Social media giant, Facebook, recently announced that it had reached a 800 million member-base. Now, it has come out with another statistic – Approximately 350 million users access Facebook on their mobiles. And for these huge numbers, Erick Tseng, head of mobile products at Facebook, said, “The Timeline will be ready for mobile platforms almost immediately.” He was speaking at GigaOM’s Mobilize 2011 forum in San Francisco on Tuesday. Tseng predicted that within the next year or two, almost half of Facebook’s users would be using the mobile platform.
“We are going to be a mobile company,” said Tseng pointing out that the growth of mobile usage is faster, especially in regions such as India, Africa and South East Asia. As Facebook is entering or gaining popularity in countries where people do not have access to computers as much as they do to cellphones, Tseng said that in order to serve such customers, the company was deploying the technology it had acquired with the purchase of Israel-based Snaptu.
Snaptu can serve up mobile web pages on cell phones in under a minute and the project titled, “Facebook for every phone,” is now being used on atleast 2500 phones worldwide.
As far as smartphones are concerned, Tseng affirmed that the company has a lot of devices where Facebook is not only pre-loaded but baked into the OS, and hence, developers can plug into that social graph without much effort.
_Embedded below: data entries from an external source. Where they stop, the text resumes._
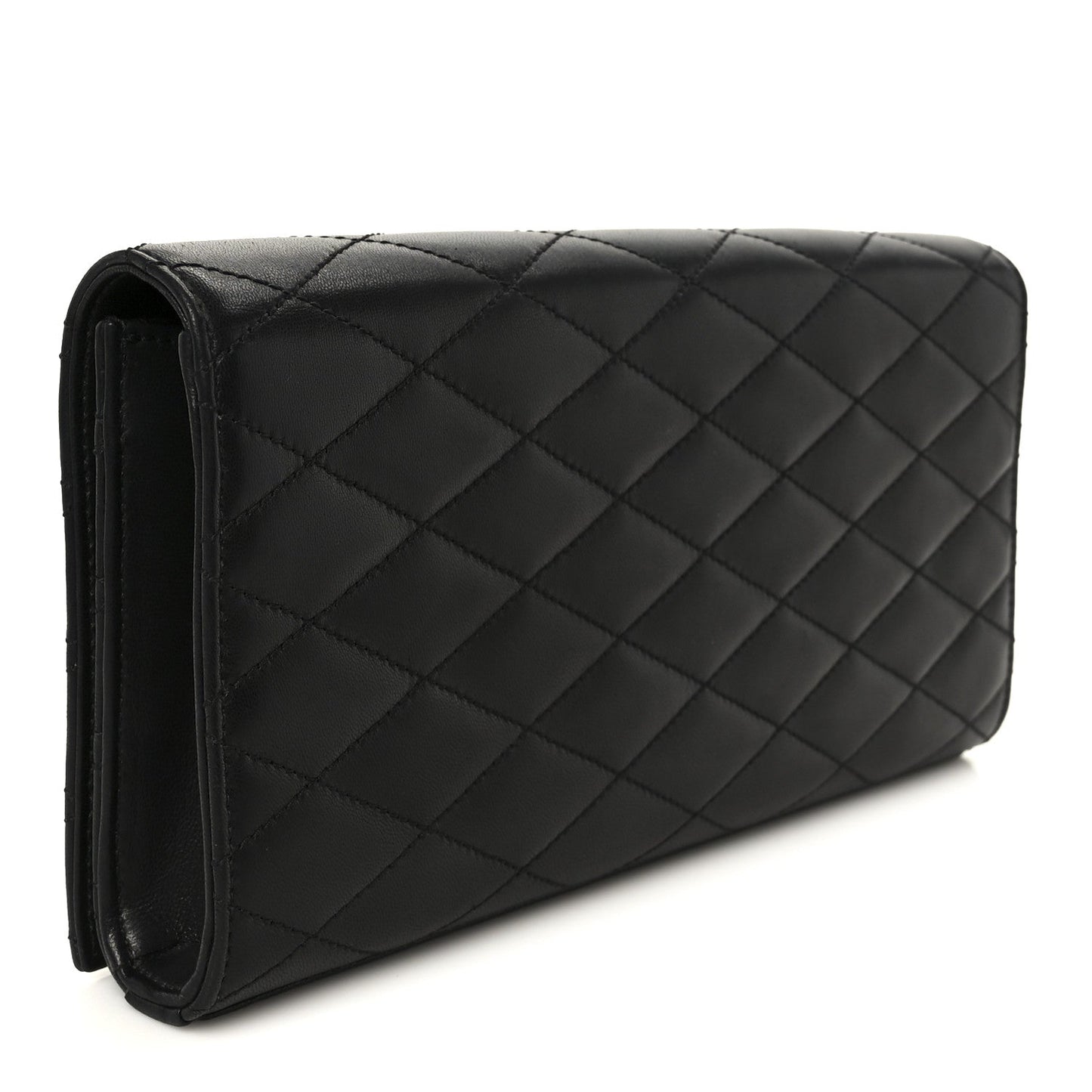 Lambskin Quilted Kate Clutch Black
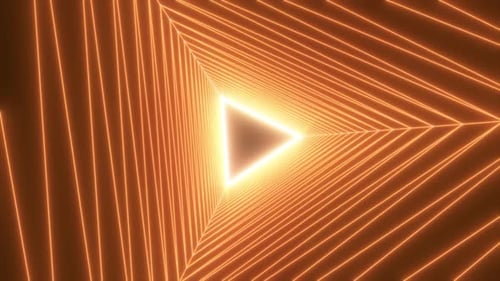 Glowing 3d tunnel of triangles with flashing. Motion. Space tunnel of glowing triangles.
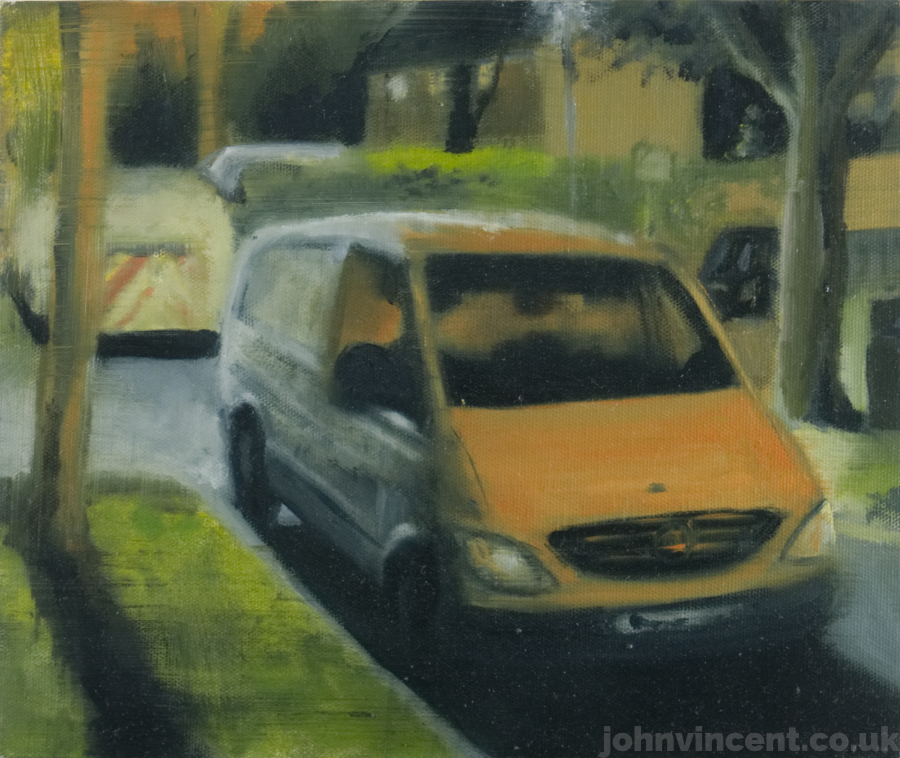 'Parked Van Under Orange And White', Oil on canvas, 30x25cm, 2017
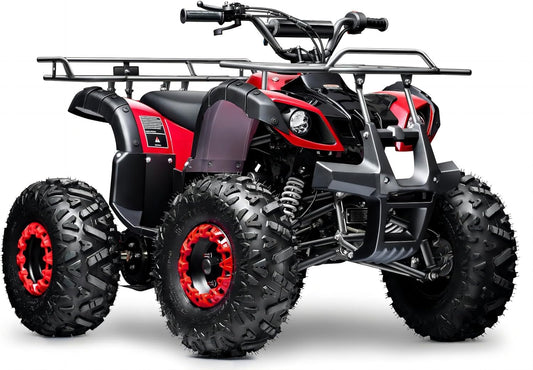 Gas 125cc ATV Quad 4 Wheeler ATV with Off-Road Tires - 220lbs Weight Capacity - Tested and Fully Assembled (Red)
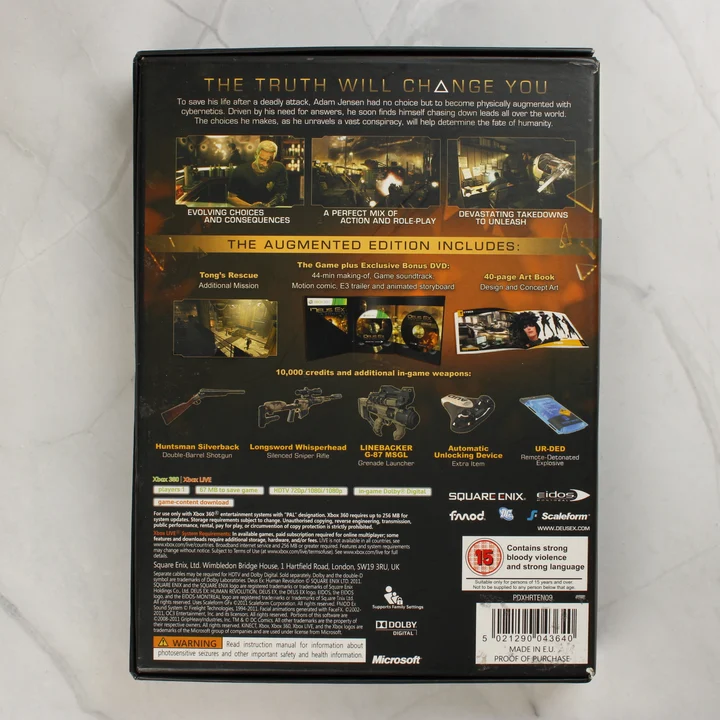 Deus Ex: Human Revolution Augmented Edition Xbox 360 hátsó borító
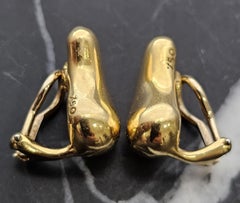 Vintage Tiffany & Co. Elsa Peretti 18k Yellow Gold Bean Clip On Earrings 12.1g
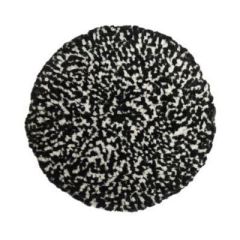 Presta 890146 Compound Pad, 9 in Dia, 1-1/2 in THK, Hook and Loop Attachment, Wool Pad, Black and White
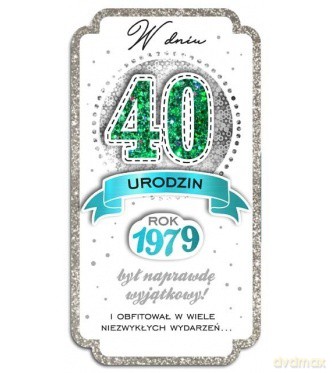 Karnet W dniu 40 Urodzin PM Rok 1979 srebro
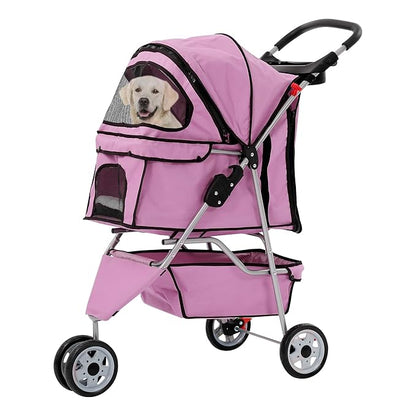 Pet Stroller for Small Medium Dogs & Cats,3-Wheel Breathable Compact Foldable Dog Carrier with Storage Basket, Outdoor Portable Lightweight Travel Stroller for Camping,Pink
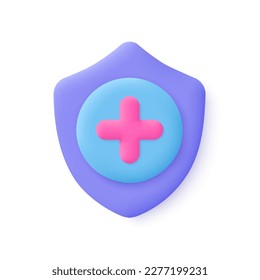 Escudo con el símbolo de la cruz médica. Atención de salud, concepto de seguro de salud. Icono vectorial 3d. Dibujo de estilo mínimo.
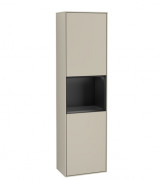 Пенал Villeroy & Boch Finion 41,8x151,6х27 см петли слева с подсветкой МДФ песок матовый лак/черный матовый лак F460PDHH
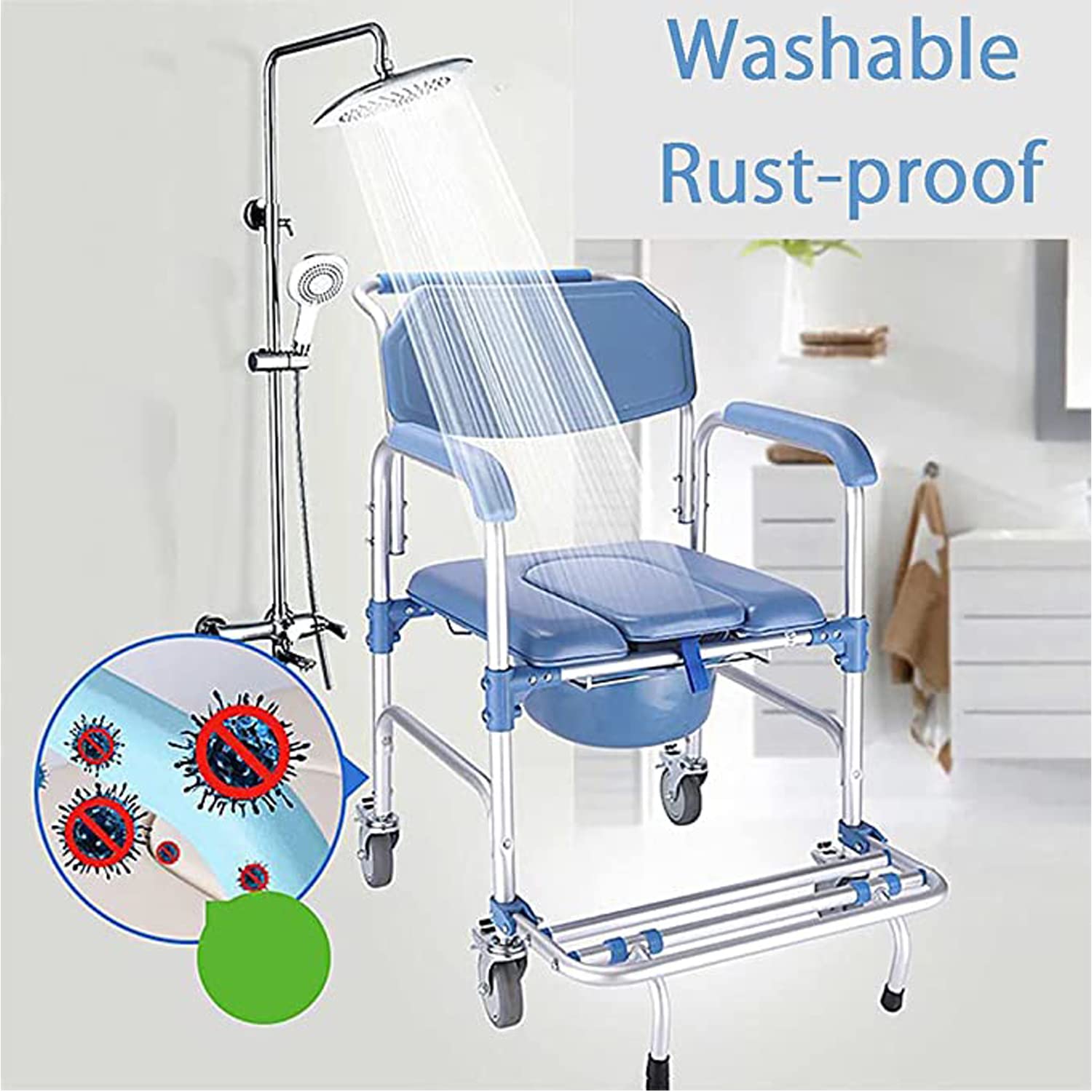 Ybaymy Rolling Shower Commode Chair - 330lbs Weight Capacity Wheelchair with Locking Wheels & Padded Seat for Elderly & Disabled - Ideal for Bathroom Safety, Mobility Assistance & Home Care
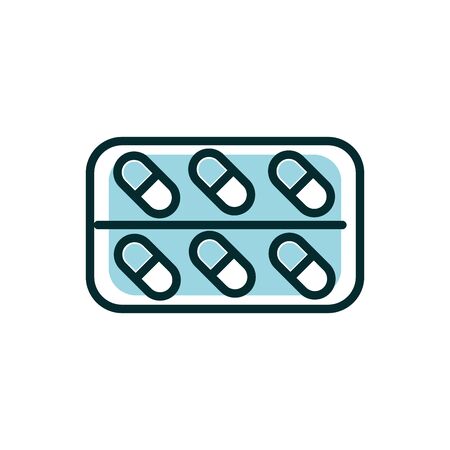 packaging capsules equipment medical icon line fillのイラスト素材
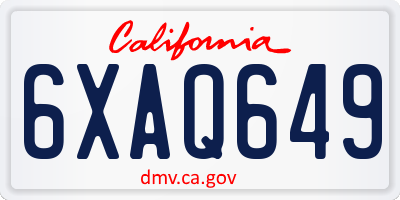 CA license plate 6XAQ649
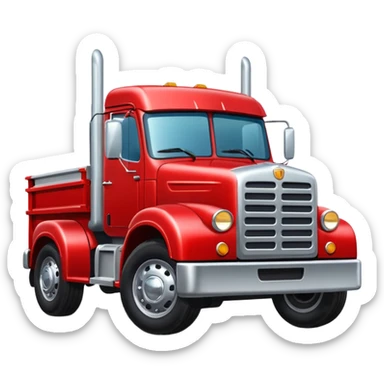 A red truck with a TIR emblem sticker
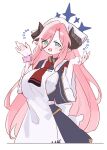  1girl :d apron aqua_eyes blue_archive blush breasts collarbone cropped_legs demon_horns earrings hair_between_eyes hands_up head_scarf highres horns jewelry juri_(blue_archive) long_hair long_hair_between_eyes long_sleeves looking_at_viewer necktie pink_hair pink_scrunchie rco_as red_necktie scrunchie simple_background smile solo white_apron white_background wrist_scrunchie 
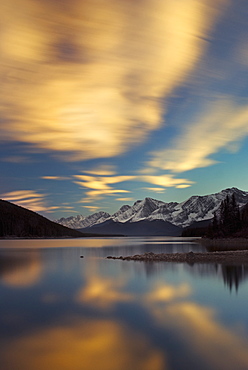 The Upper Lake At Sunset, Kananaskis, Alberta, Canada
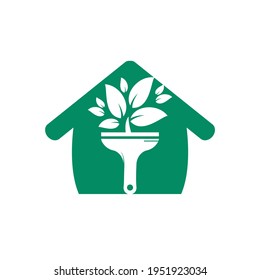 Plant brush vector logo paint. Garden renovate vector logo concept.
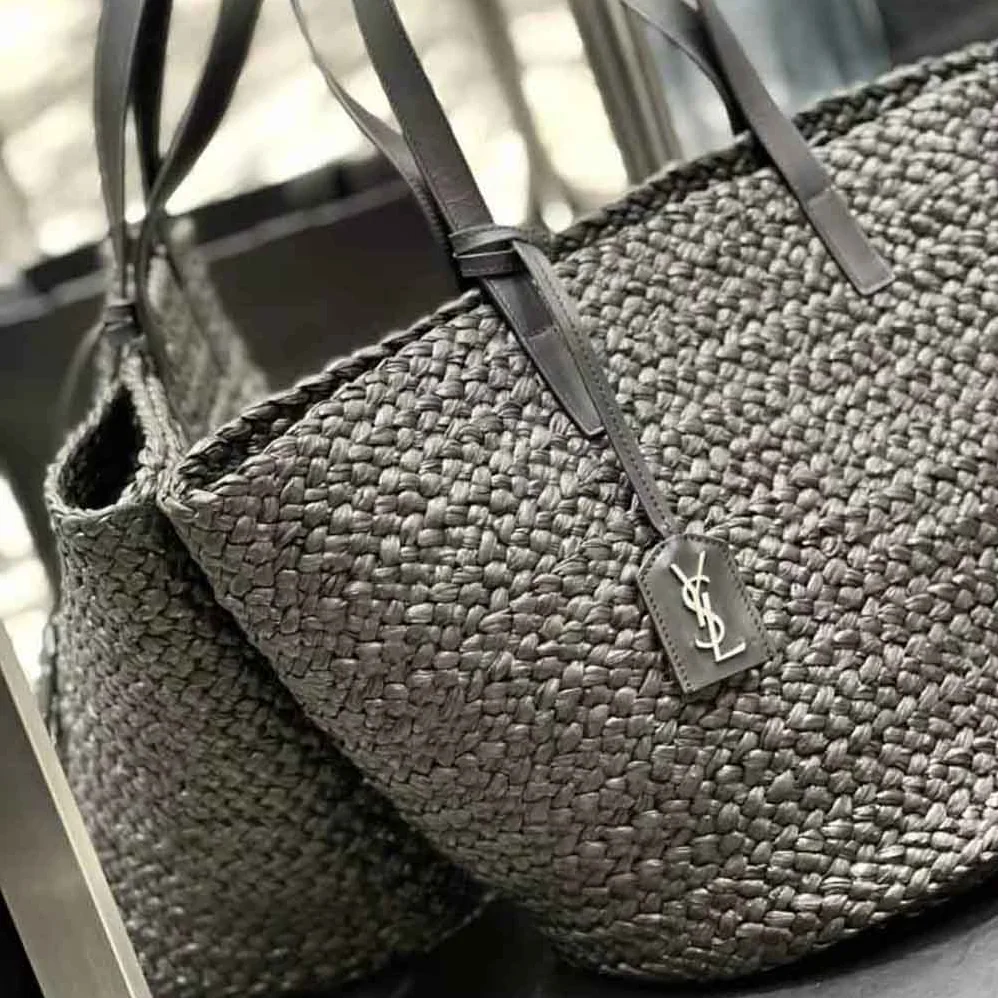 Saint Laurent YSL Panier Medium Bag in Raffia for Women in Black
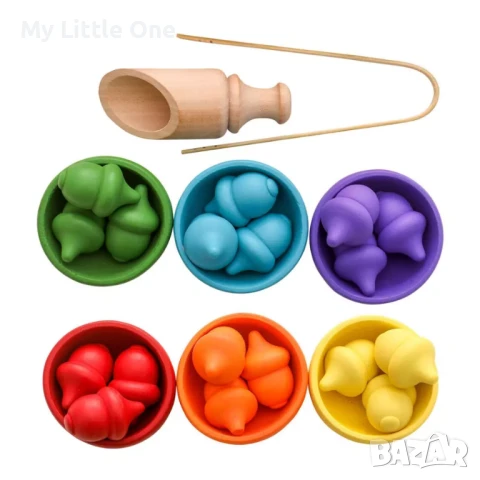 Цветни жълъди за сортиране, снимка 5 - Образователни игри - 50998224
He also said that he hoped to see a Facebook integration with iOS5 soon.
When asked to comment on Google+, Tseng said that the budding social network was ‘great’ and said that competition is good because the greatest beneficiaries will be the users. “We constantly push each other to come up with new features,” he said.
Dismissing rumors about an official Facebook app for the iPad and the Facebook-branded phone, Tseng said, “When I say a platform, I truly mean a platform – a service for software.” He added that every phone should be social.
In another vein, Alexia Tsotsis of Techcrunch browsed the Facebook mobile developers page and is of the view that it is pretty interesting because it describes Facebook mobile web app features and includes screenshots that are “unlike anything we have seen live.”
Tsotsis concludes from the screenshots on the page that the app’s core components, icons for Bookmarks, Messages, Notifications and Friend Requests match the screenshots of Project Spartan, the HTML5-based mobile app platform that Facebook has been working on with 3rd party developers for some time now.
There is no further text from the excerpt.